(THE TASK) Span requested from the data below: the line with "BETEX 1300 LASER THERMOMETER" through the line with "Мъжки чорапи Bridgedale", both included. Give only these lines again, exactly, and leave every picture out.

(INPUT MATERIAL)
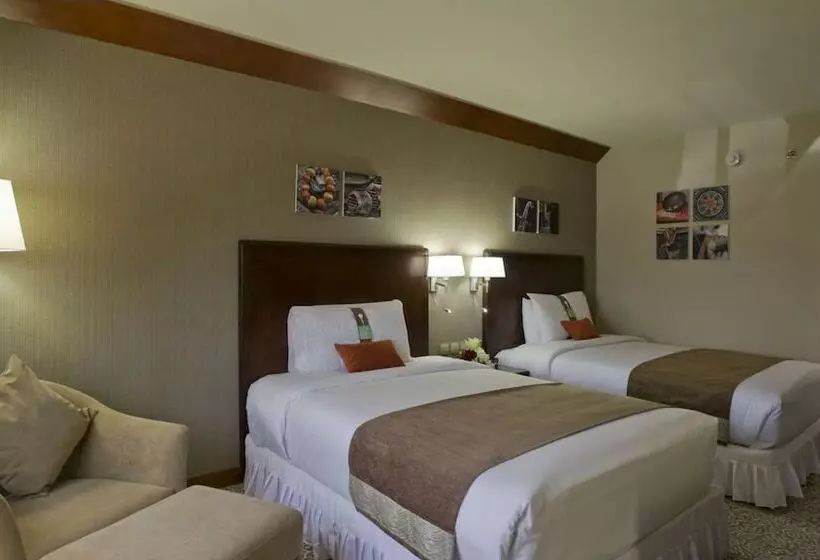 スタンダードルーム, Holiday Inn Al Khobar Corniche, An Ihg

* * *

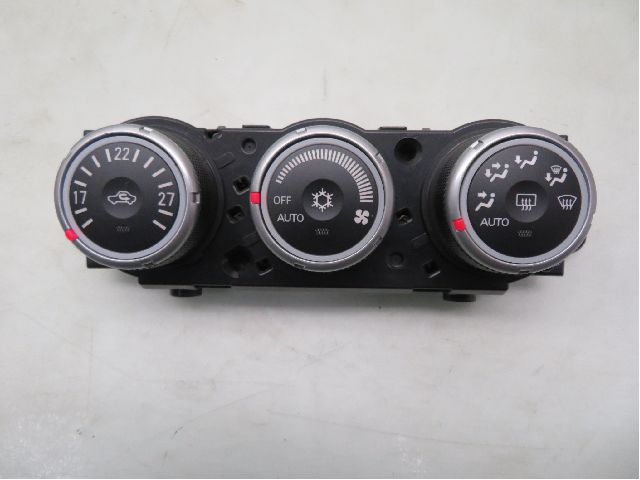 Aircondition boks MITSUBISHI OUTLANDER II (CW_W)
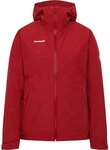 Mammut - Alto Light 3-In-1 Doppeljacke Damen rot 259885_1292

--

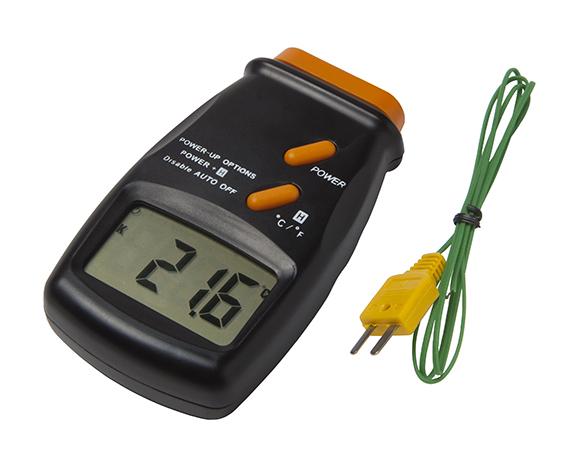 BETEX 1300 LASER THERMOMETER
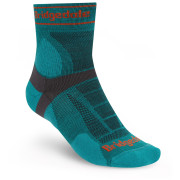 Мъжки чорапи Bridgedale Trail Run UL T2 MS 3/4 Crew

(ANSWER SPACE)
 BETEX 1300 LASER THERMOMETER
 Мъжки чорапи Bridgedale Trail Run UL T2 MS 3/4 Crew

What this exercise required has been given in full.